Woningwet van De Jonge ligt onder vuur

Het wetsvoorstel van woonminister Hugo de Jonge om gemeenten een bepalende rol te hebben bij de verkoop van bestaande bouw, stuit op weerstand binnen de Tweede Kamer, maar ook bij partijen buiten de politiek zoals de Vereniging Eigen Huis, de Raad van State en makelaarsorganisatie NVM. Zij vinden het plan van De Jonge ten eerste geen oplossing en daarnaast indruisen tegen het eigendomsrecht en het mensenrecht op vrije vestiging.

Op dit moment hebben gemeenten al het wettelijke recht om eisen te stellen bij nieuwbouw en sociale huurwoningen.
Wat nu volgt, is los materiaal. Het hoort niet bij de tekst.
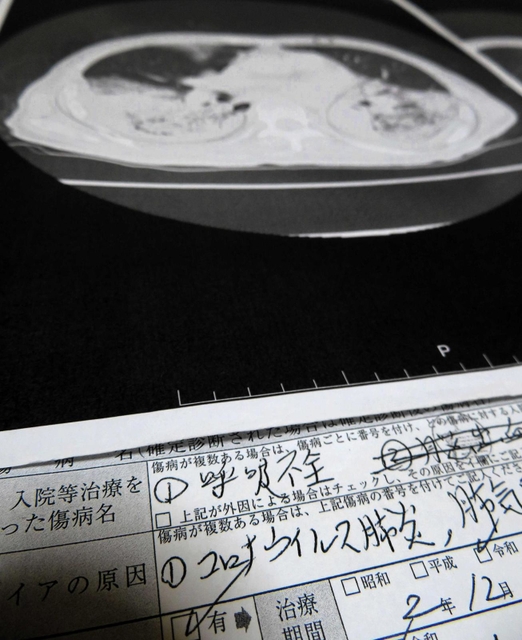 コロナウイルス肺炎などと書かれた診断書と、胸部のＣＴ画像のコピー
Het kabinet ziet graag dat gemeenten ook een meer sturende rol krijgen bij het verkoopproces van bestaande woningen, zodat eigen inwoners en mensen met cruciale beroepen voorrang krijgen. De NVM, waar ook Verheul Groep bij is aangesloten, stelt als reactie echter dat ‘een groep die beperkte bedragen te besteden heeft wordt bevoordeeld en tegelijkertijd dezelfde groep die wil uitwijken naar een andere regio uit de markt wordt gedrukt’.

Dit kan problemen geven als bijvoorbeeld iemand een deel van zijn inkomen verliest en daarom vanuit de Randstad naar een gemeente ver buiten de grote steden wil verhuizen. Naar het nieuwe wetsvoorstel van De Jonge kan een gemeente zo’n woningzoeker weren. Verder worden starters die willen doorstromen benadeeld, omdat ze de overwaarde op hun huis niet volledig kunnen verzilveren. En tenslotte: de verkoper in het algemeen ondervindt nadeel, omdat , als het wetsvoorstel wel door zou gaan, een kleinere groep kandidaat-kopers een bod mag doen wat de verkoopprijs drukt.